Dzięki wzorowej reakcji świadków kierujący pod działaniem narkotyków został zatrzymany
Dzięki zdecydowanej i obywatelskiej postawie świadków kierujący, który wsiadł „za kółko” znajdując się pod działaniem narkotyków został zatrzymany. Teraz jego zachowanie oceni sąd. Mężczyźnie grozi do 3 lat pozbawienia wolności.
W sobotę (1.03.25), przed 9.00, na stanowisko kierowania nakielskiej jednostki wpłynęło zgłoszenie dotyczące ujęcia przez świadków kierowcy, który prawdopodobnie znajduje się pod działaniem alkoholu. Dyżurny natychmiast skierował na miejsce policjantów referatu patrolowo-interwencyjnego. Przybyli na miejsce funkcjonariusze zastali zgłaszających – 44-letniego mieszkańca Potulic oraz 53–letniego mieszkańca Nakła, którzy oświadczyli, że na trasie Potulice-Gorzeń zauważyli jadącego slalomem całą szerokością jedni volkswagena. W pewnym momencie auto zjechało na przystanek autobusowy. Zgłaszający, mając uzasadnione podejrzenie, że kierowca pojazdu może znajdować się w stanie nietrzeźwości postanowili wykorzystać tę okoliczność. Obaj zastawili swoimi samochodami stojącego volkswagena tak, aby siedzący za kierownicą mężczyzna nie mógł odjechać i natychmiast zadzwonili na numer alarmowy.
Przybyli na miejsce funkcjonariusze sprawdzili trzeźwość 39-latka. Policyjne urządzenie nie wykazało alkoholu w jego organizmie. Relacja zgłaszających o stylu jazdy mężczyzny oraz jego pobudzenie i nerwowe zachowanie pozwoliło przypuszczać, że znajduje się pod działaniem środka odurzającego. Stróże prawa postanowili to sprawdzić.

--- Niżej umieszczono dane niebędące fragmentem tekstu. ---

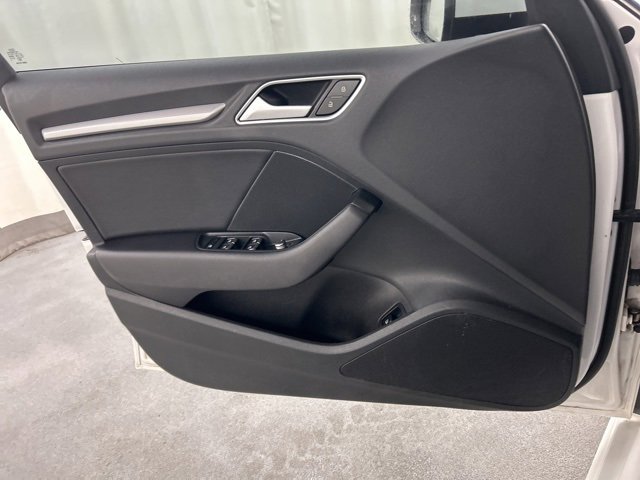 Used 2016 Audi A3 e-tron Premium w/ Audi MMI Navigation Plus image 23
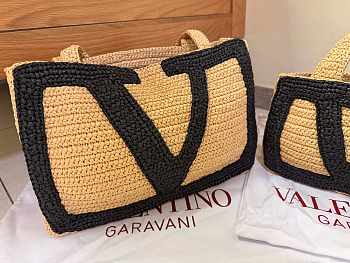 Valentino Garavani Viva Superstar Medium Shopping Bag In Raffia - 37x24x9cm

Policjanci udali się więc z nim do nakielskiej jednostki, gdzie skontrolowali go narkotesterem. Wynik potwierdził przypuszczenia mundurowych. Tester wykazał, że mężczyzna kierował samochodem znajdując się pod działaniem środków odurzających.

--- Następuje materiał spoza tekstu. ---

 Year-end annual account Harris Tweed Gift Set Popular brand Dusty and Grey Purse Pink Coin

Dodatkowo, podczas kontroli osobistej mundurowi znaleźli przy 39-latku woreczek strunowy z narkotykami. Wstępne badanie wykazało, że zabezpieczona substancja to amfetamina.

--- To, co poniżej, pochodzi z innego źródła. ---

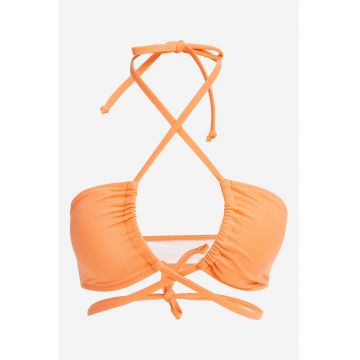 Sutien de baie cu cupe triunghiulare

Mężczyzna usłyszał zarzuty posiadania zabronionych środków oraz prowadzenia pojazdu pod ich wpływem. Teraz zachowanie 39-latka oceni sąd, do którego niebawem zostaną przekazane materiały sprawy. Zgodnie z obowiązującymi przepisami podejrzanemu grozi kara do 3 lat pozbawienia wolności.
Na pochwałę zasługuje wzorowa postawa zgłaszających, którzy mając podejrzenie, że jadący przed nimi kierujący może znajdować się w stanie nietrzeźwości lub pod działaniem innych środków nie bali się zareagować. Styl jazdy 39-latka bowiem stwarzał zagrożenie dla niego samego oraz pozostałych uczestników ruchu. Jeżeli widzimy, że ktoś podejrzanie zachowuje się na drodze, łamie obowiązujące przepisy reagujmy. Telefon wykonany na numer alarmowy może zapobiec tragedii.